At least 3 late model Cayo 173s listed in MS Classifieds in the last two months.


----------



## copperhead (May 30, 2008)

JCE said:


> Assuming all options are equal like center console, cooler seat, trolling motor, power pole, electronics, motor....which is perceived as the better hull / ride..?


I'd opt for the new Advent over either......


----------



## JCE (Mar 10, 2019)

copperhead said:


> I'd opt for the new Advent over either......


Why this over these two..? Isn’t this a smaller skiff than both..?


----------



## FSUDrew99 (Feb 3, 2015)

Cayo fit and finish will beat any Ankona any day..... like others have mentioned youre not going to be able to pick one up anytime soon unless it is used. They are a little too narrow for me personally but craftsman ship is on point.


----------



## Guest (Aug 1, 2019)

copperhead said:


> I'd opt for the new Advent over either......


And you would certainly know best!
Ankona, they answer the phone!


----------



## copperhead (May 30, 2008)

JCE said:


> Why this over these two..? Isn’t this a smaller skiff than both..?


Cayo is a bit longer but its much narrower so the Advent will be more stable, handle a load better and has the radiused transom (poles easier and quieter.) Copperhead is wider than either but shorter by a few inches, more stable than either. But Advent will have a smoother, drier ride and again poles easier and quieter. I'd be glad to park an Advent next to a Cayo 173 to compare fit and finish too....


----------



## Backcountry 16 (Mar 15, 2016)

Go with Ankona atleast they warranty their product and always answers the phone. I love the cayo look but if you have issues good luck getting warranty work done from what I've heard.


----------



## jmrodandgun (Sep 20, 2013)

Backcountry 16 said:


> I love the cayo look but if you have issues good luck getting warranty work done from what I've heard.


Not that I or anyone I know has had any warranty issues but I've needed a few little things and have always been able to get them.


----------



## zmgsvt (Jun 5, 2009)

Backcountry 16 said:


> Go with Ankona atleast they warranty their product and always answers the phone. I love the cayo look but if you have issues good luck getting warranty work done from what I've heard.
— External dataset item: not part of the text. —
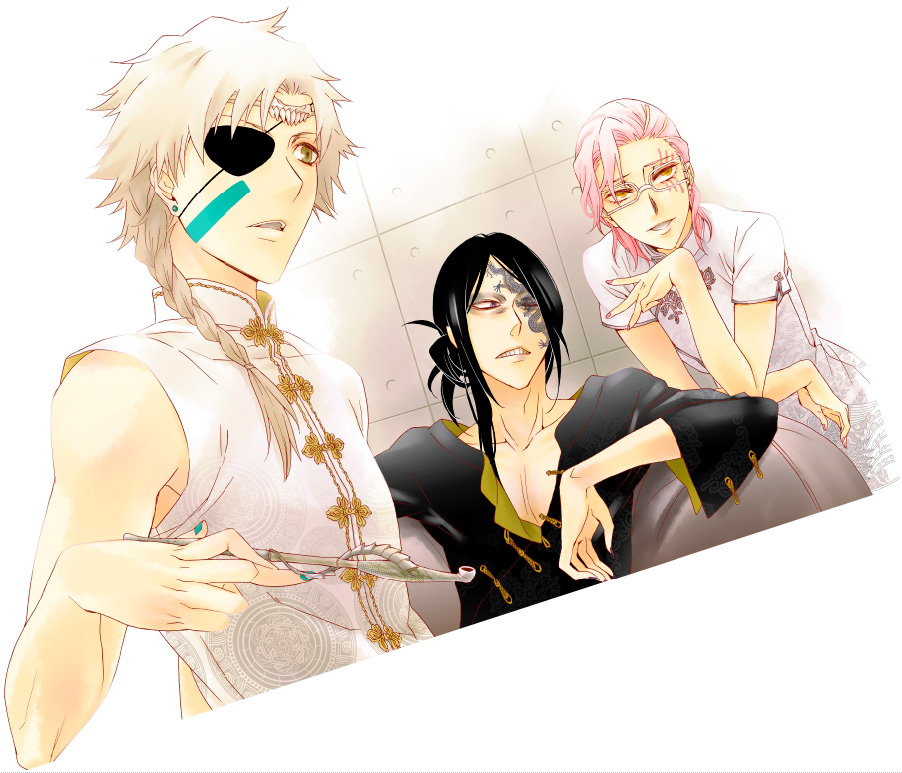 arrancar, black_hair, bleach, blonde_hair, braid, brown_hair, china_dress, chinese_clothes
You keep writing this but I've had 2 issues with mine and both time they came and got my skiff and fixed them. Plenty of documented problems with them not answering and long waits but I have full confidence in the warranty. Never had a problem with communication either.


----------



## Str8-Six (Jul 6, 2015)

Well, with all those options being the same I’d go with the Copperhead with spray rails added. Should draft about the same and ride should be about the same as well. The Copperhead fishes very well because of its stability. It is a little wet I must say but I do miss mine. Customer service is great.


----------



## georgiadrifter (Jan 14, 2009)

Backcountry 16 said:


> Go with Ankona atleast they warranty their product and always answers the phone. I love the cayo look but if you have issues good luck getting warranty work done from what I've heard.


^^^ this ^^^


----------



## BudT (Jun 29, 2018)

Ok we've all heard the stories about how shitty the customer service is at Cayo, how long the wait is yatta yatta yatta. But I will say that I gave the man the money for my boat. HE DELIVERED A BAD ASS LITTLE BOAT IN 9.5 MONTHS. Did we have some spirited conversations? Hell yes, but I got what I wanted and he got paid. Does he answer the phone every time I call? Nope, but he doesn't have a secretary either. What I will say is he either calls me back or I call back until he answers. Is he perfect in all that he does, no, but how many would love to be in his shoes with the potential he has before him at his age.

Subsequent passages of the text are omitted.